A vinculação do nome Pantanal com Mato Grosso do Sul sempre foi ponto de discórdia. A grande planície alagada, um tanto inóspita para pessoas e com uma fauna exuberante não é exclusiva do estado. Ela se estende para o Mato Grosso e para dois países, Paraguai e Bolívia. Embora mais de 60% do bioma esteja aqui, o território sul-mato-grossense é constituído em mais de 70% de cerrado. Aliás, é justamente no encontro dos dois biomas, na beira da Serra de Maracaju e Bodoquena, que se encontram as paisagens mais bonitas da região.

“Um mês antes de começarem as gravações, fui passar 15 dias no Pantanal, liguei para alguns amigos e expliquei que eu gostaria de conhecer a região, fui com eles, passamos juntos essas duas semanas. Dentro desse período, fui para a casa do Almir (Sater) passar três dias e o restante foi nas redondezas de Aquidauana, no Bosque Belo, a meia hora de Aquidauana. Foi um impacto muito grande. É uma quantidade de bichos. Eu queria perder isso, queria que meu personagem não tivesse um deslumbramento de quem está vendo isso tudo pela primeira vez”, diz o ator Renato Goés, que interpreta José Leôncio na primeira fase.

Uma natureza que mudou muito nos últimos 30 anos, diga-se de passagem. Foram áreas desmatadas, rios assoreados, secas contínuas, desequilíbrio ecológico e, obviamente, muitas queimadas. Talvez por isso a mensagem ambiental da novela, encarnada principalmente na personagem Velho do Rio, interpretada dessa vez por Osmar Prado, esteja tão presente.

“Eu nunca tinha ido ao Pantanal, e agora estou apaixonado pelo que conheci. Eu sabia que encontraria pessoas legais, mas estou em êxtase porque essa viagem foi uma oportunidade muito boa. Tenho 63 anos de carreira e 74 de idade. Ser chamado para fazer o Velho do Rio é uma convocação. Como se eu fosse para um movimento revolucionário, com a mesma integridade, força e dedicação. Nada mais atual do que a fala e as coisas que o Velho do Rio defende”, diz Prado.

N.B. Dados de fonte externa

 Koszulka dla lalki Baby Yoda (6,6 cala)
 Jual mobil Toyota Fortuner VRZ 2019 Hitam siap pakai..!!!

Mas mesmo sendo um cenário tão distinto do que foi, o Pantanal continua com sua magia, importância econômica por meio da pecuária e relevância cultural que dita muito dos costumes dos sul-mato-grossenses. Uma das maiores riquezas do estado e do Brasil, que novamente ganha os holofotes e, com essa oportunidade, tem a esperança de ser salva.

Juliana Paes é Maria Marruá — Foto João Miguel Júnior – Globo

“Quando você chega, todas as expectativas são superadas, porque eu vi bichos que eu nunca tinha visto na minha vida, ouvi sons que eu não tinha escutado ainda. Fora que tem uma energia diferente. Tem que estar lá, porque o ar é diferente, o tempo é diferente, onde a vista alcança é diferente. Então, tudo isso traz para dentro da gente uma sensação diferente também, que as fotos não conseguem transmitir. Acho que, talvez, a gente com as imagens da novela consiga chegar o mais perto disso. Mas ter estado no Pantanal foi muito bom, especial demais”, confessa a atriz Juliana Paes, nova Maria Marruá.